───── Working data ─────

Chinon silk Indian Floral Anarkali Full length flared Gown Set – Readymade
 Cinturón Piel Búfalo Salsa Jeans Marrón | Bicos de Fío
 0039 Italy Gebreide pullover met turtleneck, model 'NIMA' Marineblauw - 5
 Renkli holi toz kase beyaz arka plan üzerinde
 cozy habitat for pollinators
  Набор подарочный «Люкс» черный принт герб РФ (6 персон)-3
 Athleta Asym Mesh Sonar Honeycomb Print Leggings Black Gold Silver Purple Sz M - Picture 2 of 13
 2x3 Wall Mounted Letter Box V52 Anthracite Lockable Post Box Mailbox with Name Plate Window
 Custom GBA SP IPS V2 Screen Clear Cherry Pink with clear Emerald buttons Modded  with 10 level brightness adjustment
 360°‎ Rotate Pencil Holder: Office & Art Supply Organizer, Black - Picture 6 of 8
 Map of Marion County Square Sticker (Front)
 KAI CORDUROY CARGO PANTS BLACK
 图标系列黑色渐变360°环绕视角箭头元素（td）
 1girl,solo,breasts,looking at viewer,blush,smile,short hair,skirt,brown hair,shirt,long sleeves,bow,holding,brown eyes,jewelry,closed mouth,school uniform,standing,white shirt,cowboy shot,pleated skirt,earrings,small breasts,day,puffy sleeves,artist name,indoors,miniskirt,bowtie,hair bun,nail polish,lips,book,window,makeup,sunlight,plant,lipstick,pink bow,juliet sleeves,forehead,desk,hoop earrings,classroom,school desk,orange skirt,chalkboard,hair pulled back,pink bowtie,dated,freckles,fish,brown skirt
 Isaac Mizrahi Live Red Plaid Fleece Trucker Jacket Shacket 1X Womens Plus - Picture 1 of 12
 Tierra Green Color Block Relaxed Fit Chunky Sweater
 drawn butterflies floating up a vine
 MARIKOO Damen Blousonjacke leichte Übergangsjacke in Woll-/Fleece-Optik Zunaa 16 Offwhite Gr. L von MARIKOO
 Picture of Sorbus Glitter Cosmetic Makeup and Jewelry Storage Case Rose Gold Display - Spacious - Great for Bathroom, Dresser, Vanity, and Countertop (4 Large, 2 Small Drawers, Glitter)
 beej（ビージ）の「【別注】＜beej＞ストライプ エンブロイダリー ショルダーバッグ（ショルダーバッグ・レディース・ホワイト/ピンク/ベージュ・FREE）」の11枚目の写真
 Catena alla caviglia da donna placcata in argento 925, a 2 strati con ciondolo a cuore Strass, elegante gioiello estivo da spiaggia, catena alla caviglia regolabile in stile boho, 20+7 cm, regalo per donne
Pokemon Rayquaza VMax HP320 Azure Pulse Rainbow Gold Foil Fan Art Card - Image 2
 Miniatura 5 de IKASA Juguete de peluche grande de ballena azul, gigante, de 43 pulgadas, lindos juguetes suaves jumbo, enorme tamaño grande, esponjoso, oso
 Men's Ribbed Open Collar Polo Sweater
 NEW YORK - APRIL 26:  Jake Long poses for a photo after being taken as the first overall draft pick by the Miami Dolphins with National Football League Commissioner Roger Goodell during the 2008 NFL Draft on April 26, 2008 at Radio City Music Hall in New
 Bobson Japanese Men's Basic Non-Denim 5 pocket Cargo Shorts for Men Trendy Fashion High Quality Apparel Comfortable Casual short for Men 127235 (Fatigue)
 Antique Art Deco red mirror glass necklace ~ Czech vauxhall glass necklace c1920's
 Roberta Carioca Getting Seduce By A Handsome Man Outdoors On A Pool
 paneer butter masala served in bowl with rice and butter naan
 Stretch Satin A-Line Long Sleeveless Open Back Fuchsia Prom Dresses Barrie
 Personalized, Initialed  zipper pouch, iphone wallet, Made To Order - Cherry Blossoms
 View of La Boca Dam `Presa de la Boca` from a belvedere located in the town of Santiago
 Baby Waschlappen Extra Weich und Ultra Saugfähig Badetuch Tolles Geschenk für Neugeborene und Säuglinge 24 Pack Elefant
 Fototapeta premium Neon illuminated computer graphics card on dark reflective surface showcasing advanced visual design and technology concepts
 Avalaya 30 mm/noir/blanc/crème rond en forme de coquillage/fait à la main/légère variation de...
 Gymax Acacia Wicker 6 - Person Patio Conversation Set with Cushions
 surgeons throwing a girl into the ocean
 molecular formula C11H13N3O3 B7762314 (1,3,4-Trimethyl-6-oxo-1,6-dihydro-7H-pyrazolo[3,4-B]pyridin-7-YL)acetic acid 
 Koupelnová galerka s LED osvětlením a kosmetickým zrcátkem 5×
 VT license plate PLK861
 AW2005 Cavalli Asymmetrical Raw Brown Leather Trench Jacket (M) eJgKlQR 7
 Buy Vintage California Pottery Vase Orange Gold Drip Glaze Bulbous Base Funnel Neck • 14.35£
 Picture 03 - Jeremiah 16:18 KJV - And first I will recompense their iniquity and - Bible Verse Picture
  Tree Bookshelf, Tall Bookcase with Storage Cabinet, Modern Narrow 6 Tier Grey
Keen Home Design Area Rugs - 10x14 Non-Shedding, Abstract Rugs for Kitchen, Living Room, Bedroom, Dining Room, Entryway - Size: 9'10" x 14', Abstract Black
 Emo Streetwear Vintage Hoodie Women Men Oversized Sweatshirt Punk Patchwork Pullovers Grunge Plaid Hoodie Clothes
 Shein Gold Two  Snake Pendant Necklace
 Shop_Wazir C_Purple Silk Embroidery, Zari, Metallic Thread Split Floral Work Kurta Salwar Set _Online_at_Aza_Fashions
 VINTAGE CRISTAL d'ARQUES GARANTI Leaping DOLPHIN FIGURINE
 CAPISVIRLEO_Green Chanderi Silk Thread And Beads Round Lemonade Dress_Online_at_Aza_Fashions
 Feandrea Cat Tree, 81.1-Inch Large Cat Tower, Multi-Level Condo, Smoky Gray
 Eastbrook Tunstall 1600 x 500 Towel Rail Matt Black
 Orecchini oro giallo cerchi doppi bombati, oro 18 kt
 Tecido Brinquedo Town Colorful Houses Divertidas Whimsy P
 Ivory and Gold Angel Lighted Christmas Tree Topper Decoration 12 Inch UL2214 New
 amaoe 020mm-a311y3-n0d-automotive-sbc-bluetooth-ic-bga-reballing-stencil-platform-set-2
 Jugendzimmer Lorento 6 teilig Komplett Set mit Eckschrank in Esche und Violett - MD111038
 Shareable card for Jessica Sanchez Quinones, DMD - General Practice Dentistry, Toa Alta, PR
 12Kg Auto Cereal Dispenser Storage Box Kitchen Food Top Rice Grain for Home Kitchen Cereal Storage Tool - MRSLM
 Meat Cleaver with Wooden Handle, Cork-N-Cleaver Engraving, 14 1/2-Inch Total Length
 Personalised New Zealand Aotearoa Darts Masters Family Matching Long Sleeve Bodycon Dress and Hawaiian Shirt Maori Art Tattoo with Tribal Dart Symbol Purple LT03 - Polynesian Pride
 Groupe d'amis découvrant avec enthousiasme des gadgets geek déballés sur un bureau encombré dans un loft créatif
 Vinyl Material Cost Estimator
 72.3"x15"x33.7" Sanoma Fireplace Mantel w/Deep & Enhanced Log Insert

─────

What needs to be done: Word for word, restate the lines of the data above that fall between the line holding "Catena alla caviglia da" and the line holding "Pokemon Rayquaza VMax", inclusive, and no other lines.

Task output:
 Catena alla caviglia da donna placcata in argento 925, a 2 strati con ciondolo a cuore Strass, elegante gioiello estivo da spiaggia, catena alla caviglia regolabile in stile boho, 20+7 cm, regalo per donne
Pokemon Rayquaza VMax HP320 Azure Pulse Rainbow Gold Foil Fan Art Card - Image 2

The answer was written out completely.